23. Now enter your hostname by either using localhost,, or your static ip address if thats what your using and click next.
24. Now Click the "Yes, perform a test" radion button and click next.
25. Now, my test came back as a failure but everything is working just fine. Click next or finish to complete the wizard.
26. Now that you have all that is needed to get started. It's now time to try and login to Oracle by creating a new connection using the SQL Developer.
27. Click start and go to your Oracle installation and go to list "Application Development" and select "SQL Developer".
28. Once the SQL Developer has loaded, right click "Connections" and select "New Connection"
29. Where "Connection Name", enter a name for this connection
30. Now you need to enter a username and password. You can either user the "system" user and the password you provided during installation or create a new user. To create a new user open SQL*Plus and enter system as the username and your password to login to SQL*Plus. Enter the following command CREATE USER new_user IDENTIFIED user_password;. Where new_user is your new username and where user_password is the new users password. Hit enter and your new user should be created. Now you need to edit permissions for the new user. Enter the following command GRANT connect, resource TO new_user and hit enter.

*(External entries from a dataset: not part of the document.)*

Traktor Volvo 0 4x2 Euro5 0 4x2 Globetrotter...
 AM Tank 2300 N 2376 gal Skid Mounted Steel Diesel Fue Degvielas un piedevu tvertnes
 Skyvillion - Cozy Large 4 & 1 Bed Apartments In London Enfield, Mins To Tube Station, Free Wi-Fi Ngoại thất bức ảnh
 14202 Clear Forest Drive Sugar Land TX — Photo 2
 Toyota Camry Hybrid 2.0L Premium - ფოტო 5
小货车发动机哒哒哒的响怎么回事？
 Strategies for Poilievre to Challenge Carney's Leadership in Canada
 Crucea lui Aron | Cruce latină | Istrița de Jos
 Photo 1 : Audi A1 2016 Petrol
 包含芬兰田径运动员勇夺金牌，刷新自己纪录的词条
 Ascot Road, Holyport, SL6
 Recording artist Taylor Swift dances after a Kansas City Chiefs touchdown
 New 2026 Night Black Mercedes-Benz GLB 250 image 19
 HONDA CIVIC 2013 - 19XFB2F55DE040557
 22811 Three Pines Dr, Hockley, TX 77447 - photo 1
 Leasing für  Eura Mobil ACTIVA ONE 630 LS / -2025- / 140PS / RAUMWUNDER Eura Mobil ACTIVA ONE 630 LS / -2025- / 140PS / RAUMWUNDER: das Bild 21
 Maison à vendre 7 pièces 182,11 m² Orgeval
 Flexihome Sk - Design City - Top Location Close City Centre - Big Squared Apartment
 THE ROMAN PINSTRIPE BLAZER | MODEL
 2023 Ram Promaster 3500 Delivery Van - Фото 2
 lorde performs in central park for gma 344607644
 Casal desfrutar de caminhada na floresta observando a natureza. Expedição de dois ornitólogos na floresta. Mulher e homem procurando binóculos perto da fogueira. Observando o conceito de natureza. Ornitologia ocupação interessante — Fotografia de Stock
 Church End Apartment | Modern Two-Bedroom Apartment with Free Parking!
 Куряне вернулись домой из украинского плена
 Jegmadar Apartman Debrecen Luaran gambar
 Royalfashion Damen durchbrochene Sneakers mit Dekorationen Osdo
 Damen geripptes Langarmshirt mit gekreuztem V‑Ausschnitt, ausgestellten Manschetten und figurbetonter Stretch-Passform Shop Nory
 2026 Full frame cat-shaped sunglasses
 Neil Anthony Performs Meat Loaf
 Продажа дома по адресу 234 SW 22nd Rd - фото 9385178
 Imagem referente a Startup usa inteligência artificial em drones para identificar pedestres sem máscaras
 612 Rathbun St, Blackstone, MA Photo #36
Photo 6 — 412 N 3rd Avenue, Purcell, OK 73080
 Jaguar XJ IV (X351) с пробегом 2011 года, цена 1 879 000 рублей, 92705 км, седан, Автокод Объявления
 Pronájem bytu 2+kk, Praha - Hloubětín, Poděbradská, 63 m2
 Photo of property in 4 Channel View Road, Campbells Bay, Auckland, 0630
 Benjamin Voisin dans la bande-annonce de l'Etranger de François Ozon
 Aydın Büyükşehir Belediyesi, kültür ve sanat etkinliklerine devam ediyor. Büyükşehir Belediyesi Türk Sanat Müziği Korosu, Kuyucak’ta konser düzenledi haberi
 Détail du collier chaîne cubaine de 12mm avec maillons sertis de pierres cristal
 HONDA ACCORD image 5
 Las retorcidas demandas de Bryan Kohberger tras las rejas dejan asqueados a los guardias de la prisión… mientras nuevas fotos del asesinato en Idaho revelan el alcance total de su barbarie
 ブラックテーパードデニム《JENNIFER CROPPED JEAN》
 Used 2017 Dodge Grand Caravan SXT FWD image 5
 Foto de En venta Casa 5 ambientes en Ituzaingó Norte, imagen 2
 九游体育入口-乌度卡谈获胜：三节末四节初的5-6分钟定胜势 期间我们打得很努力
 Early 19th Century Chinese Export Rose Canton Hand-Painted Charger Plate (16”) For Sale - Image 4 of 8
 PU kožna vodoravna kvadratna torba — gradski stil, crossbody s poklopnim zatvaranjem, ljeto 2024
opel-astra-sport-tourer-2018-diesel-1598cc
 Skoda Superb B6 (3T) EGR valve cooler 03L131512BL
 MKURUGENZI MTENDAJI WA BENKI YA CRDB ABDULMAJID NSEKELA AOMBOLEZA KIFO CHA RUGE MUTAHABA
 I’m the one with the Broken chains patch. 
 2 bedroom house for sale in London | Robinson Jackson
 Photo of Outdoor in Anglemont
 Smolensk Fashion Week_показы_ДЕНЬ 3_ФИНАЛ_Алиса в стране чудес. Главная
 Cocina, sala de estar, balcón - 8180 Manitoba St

You should be prompt with a granted line in SQL*Plus.
31. Now back to SQL Developer, enter you new login criteria into the Username and Password fields.
32. Leave the Role set to default
33. Leave the connection type as the default of Basic
34. Enter your hostname localhost,, or a static ip address
35. Leave the default port of 1521
36. Select "Service Name" and enter the service name you created earlier
37. Click "Save" and then click "Test"
38. If your test status is "Successful", you will be able to login to you new connection
39. If a failure occurs, double check all your settings and previous configuations

It may seem like a lot of work but its really not that bad and shouldn't take too long to get Oracle 11g installed and configured. Hmmm, maybe I'll create a tutorial video on this one.

Hope this helps anyone and please feel free to leave me comments.